Is there a hash function for binary data which produces closer hashes when the data is more similar?

I'm looking for something like a hash function but for which it's output is closer the closer two different inputs are?
Something like:
f(1010101) = 0 #original hash
f(1010111) = 1 #very close to the original hash as they differ by one bit
f(0101010) = 9999 #not very close to the original hash they all bits are different
(example outputs for demonstration purposes only)
All of the input data will be of the same length.
I want to make comparisons between a file a lots of other files and be able to determine which other file has the fewest differences from it.
You may try this algorithm.
Since this is string only.
You may convert all your binary to string
for example:
0 -> "00000000"
1 -> "00000001"
You might be interested in either simhashing or shingling.
If you are only trying to detect similarity between documents, there are other techniques that may suit you better (like TF-IDF.) The second link is part of a good book whose other chapters delve into general information retrieval topics, including these other techniques.
You should not use a hash for this.
You must compute signatures containing several characteristic values like :
file name
file size
Is binary / Is ascii only
date (if needed)
some other more complex like :
variance of the values of bytes
average value of bytes
average length of same value bits sequence (in compressed files there are no long identical bit sequences)
Then you can compare signatures.
But the most important is to know what kind of data is in these files. If it is images, the size and main color are more important. If it is sound, you could analyse only some frequencies...
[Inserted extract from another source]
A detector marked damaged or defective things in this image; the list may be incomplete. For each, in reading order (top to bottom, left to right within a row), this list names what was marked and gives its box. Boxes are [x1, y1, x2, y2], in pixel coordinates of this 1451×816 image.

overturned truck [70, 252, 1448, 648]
You might want to look at the source code to unix utilities like cmp or the FileCmp stuff in Python and use that to try to determine a reasonable algorithm.
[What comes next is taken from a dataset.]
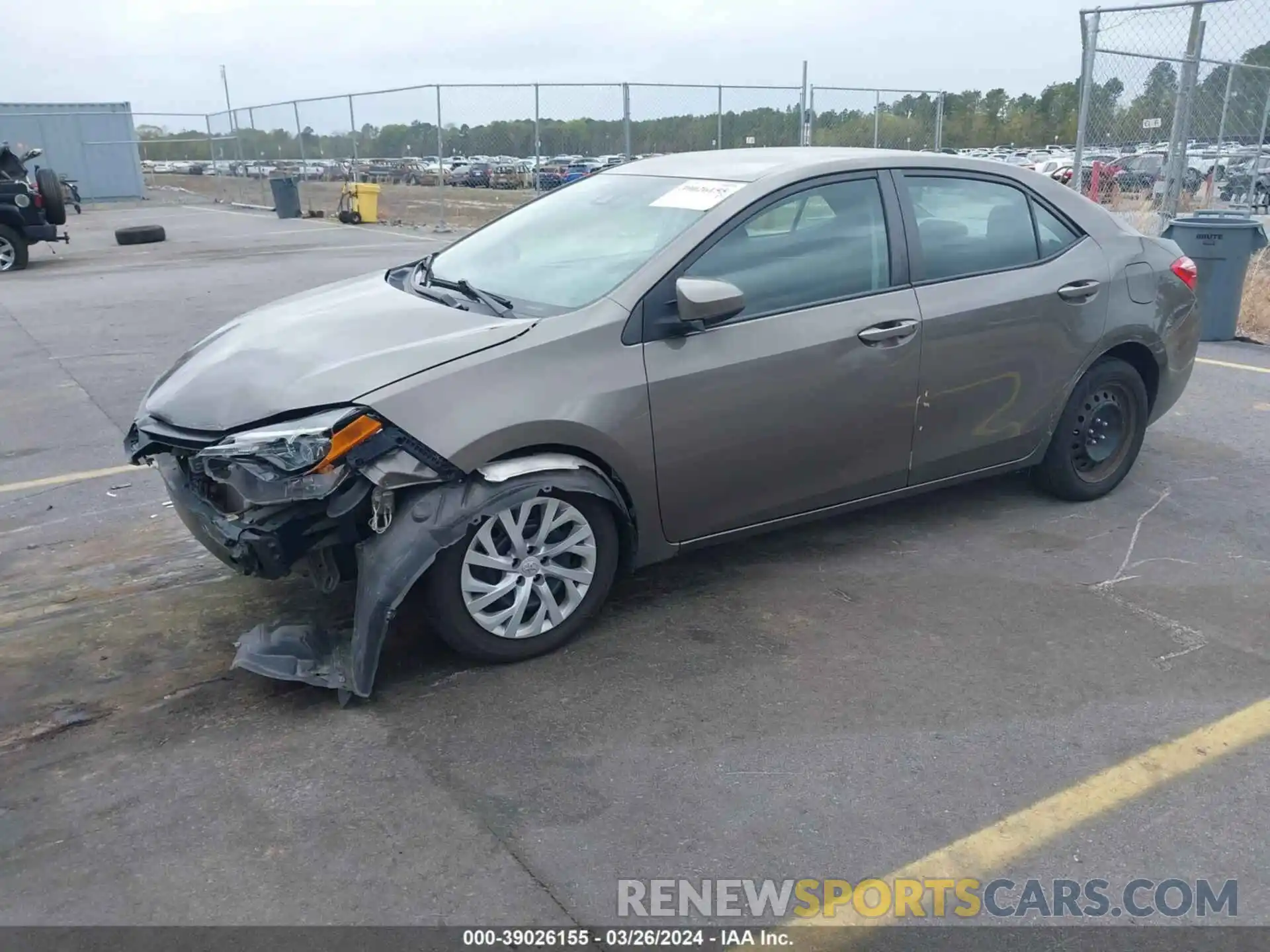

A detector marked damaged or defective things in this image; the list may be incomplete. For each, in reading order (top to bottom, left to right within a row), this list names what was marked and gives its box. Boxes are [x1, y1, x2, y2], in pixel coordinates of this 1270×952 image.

broken headlight [193, 410, 381, 505]
damaged hood [140, 270, 534, 428]
damaged toyota corolla [122, 149, 1201, 698]
dented fender [233, 468, 630, 698]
In my uninformed opinion, calculating a hash is not likely to work well. First, it can be expensive to calculate a hash. Second, what you're trying to do sounds more like a job for encoding than a hash; once you start thinking of it that way, it's not clear that it's even worth transforming the file that way.
If you have some constraints, specifying them might be useful. For example, if all the files are the exact same length, that may simplify things. Or if you are only interested in differences between bits in the same position and not interested in things that are similar only if you compare bits in different positions (e.g., two files are identical, except that one has everything shifted three bits--should those be considered similar or not similar?).
You could calculate the population count of the XOR of the two files, which is exactly the number of bits that are not the same between the two files. So it just does precisely what you asked for, no approximations.
You can represent your data as a binary vector of features and then use dimensionality reduction either with SVD or with random indexing.
What you're looking for is a file fingerprint of sorts. For plain text, something like Nilsimsa ( works reasonably well.
There are a variety of different names for this type of technique. Fuzzy Hashing/Locality Sensitive Hashing/Distance Based Hashing/Dimensional reduction and a few others. Tools can generate a fixed length output or variable length output, but the outputs are generally comparable (eg by levenshtein distance) and similar inputs yield similar outputs.
The link above for nilsimsa gives two similar spam messages and here are the example outputs:
773e2df0a02a319ec34a0b71d54029111da90838cbc20ecd3d2d4e18c25a3025 spam1
47182cf0802a11dec24a3b75d5042d310ca90838c9d20ecc3d610e98560a3645 spam2
* * ** *** * ** ** ** ** * ******* **** ** * * *
Spamsum and sdhash are more useful for arbitrary binary data. There are also algorithms specifically for images that will work regardless of whether it's a jpg or a png. Identical images in different formats wouldn't be noticed by eg spamsum.